Meet the Other Phone. Flexible and made to last.

Meet the Other Phone.
Flexible and made to last.

Buy now

Please or to access all these features

AIBU?

Share your dilemmas and get honest opinions from other Mumsnetters.

DP is making me feel like shit about money.

277 replies

PrettyTricky · 02/09/2019 14:47

Hmm, where to begin? I genuinely don't know if I'm being unreasonable here so would appreciate the feedback.

The short version is this...I have moved to a whole new part of the UK with my partner and my teenager. Teenager settling in fine, phew. Me, not so much but willing to stick it out.

We moved because of my partner's job. I gave up my business and income to move which was really tough as I'd put my heart and soul into it, but he earns a lot more than me so it made practical sense. I do feel some resentment about that, which I felt I could get over, but it's being fuelled by recent discussions.

We have only recently started sharing finances. We are both divorced and have maintained ourselves independently until now. I am not currently working, am setting up the house and getting everyone else settled, teenager into a new school, unpacking and generally making everyone else's life easier.

We have been here less than a fortnight and DP has started banging on about me contributing to the household by a set amount each month (albeit not much, just a few hundred, but a few hundred I don't have coming in) and also getting back to work.

This is grating and upsetting on a number of levels.

A) I had a perfectly good full time self employed business where I was which I gave up to support his career and not live apart. I was completely financially independent for years! I feel he's making it sound like I'm living off him, which in turn makes me feel crap.

B) I still own a property where we lived and am solely responsible for paying the continuing bills there, so am already spending savings on that. The plan is to return there for holidays etc. He doesn't contribute to its upkeep, that's all on me.

C) He has started going on about how we need the money and I need to be out working. I feel like he resents paying for me and my child. He earns 6 figures. He does have a costly outgoing as he (admirably) supports 2 children from his previous marriage (one is an adult so continuing to support his ex wife for that child is in my opinion ridiculous, but that's not worth an argument as bringing that up never ends well). I understand there is a lot of money going out, but some of that is his choice and I feel like while he doesn't mind spending on his kids, he somehow does mind spending it on our own family.
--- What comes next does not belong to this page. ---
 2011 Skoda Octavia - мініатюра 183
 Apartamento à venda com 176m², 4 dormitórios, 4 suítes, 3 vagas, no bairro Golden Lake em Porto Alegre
I'm really quite upset about this in the light that I've personally lost over £2k a month because of this move and now he's going on and on about pimping me back out to the labour market.
The thing is, I want to set up again here in time, I DO want to be working and out meeting people, I just didn't expect him to be so focused on getting me back out there, not to mention asking me to contribute hundreds of my savings a month when I'm not earning.

Am I right to feel like this is off, or should I be out there getting a job immediately? I'm very confused by his attitude and it's not helping with my homesickness.

OP posts:
Bluntness100 · 03/09/2019 15:56

I agree, it's time to have an honest conversation.

You need to explain what you want from him financially. When you intend to start your business. Honestly when you expect to start it. How long it will take to get up and running. How long you expect financial support from him and for how much. Be realistic. Not being honest only causes resentment.

And then he can make his decision. Clearly he's not being presented with something different to what was agreed. You need to have a fall back option. For example you moving home with your child and seeing each other at weekends. Whatever.

But you now need to be honest with him here.

Annasgirl · 03/09/2019 16:08

I cannot believe OP that one of your reasons for staying put in this bad situation that you are clearly unhappy in, is that you will look bad of you go home!!! Jesus woman, you are in your 40's with a teenage son, so what if you look bad - who is seriously looking at you? Take it on the chin, chalk it up and go home and retake your business before it is too late. You are depressed at the moment but that is because you know, deep down, that this is all wrong. And you are trying to cover for him because you do not want us on Mumsnet to think badly of you (lets face it, you are worried what your old friends and family will think but really they all want you to be safe, be financially solid, and be content in yourself - can you honestly say one of those three exists right at this moment?

Also, how long were you together before you moved and why is the house in his name only if you are planning to marry next year? (don't get married, just go home).

TinyTear · 03/09/2019 16:21

is your business something that needs in-person contacts?

hairdressing, cleaning, some sort of personal contact?

could you have your old clients give you references and testimonials to help you get started?

SunshineCake · 03/09/2019 16:22

If he genuinely said stuff to encourage you he won't be saying it again will he, now he knows it is upsetting you and not helping. Will he?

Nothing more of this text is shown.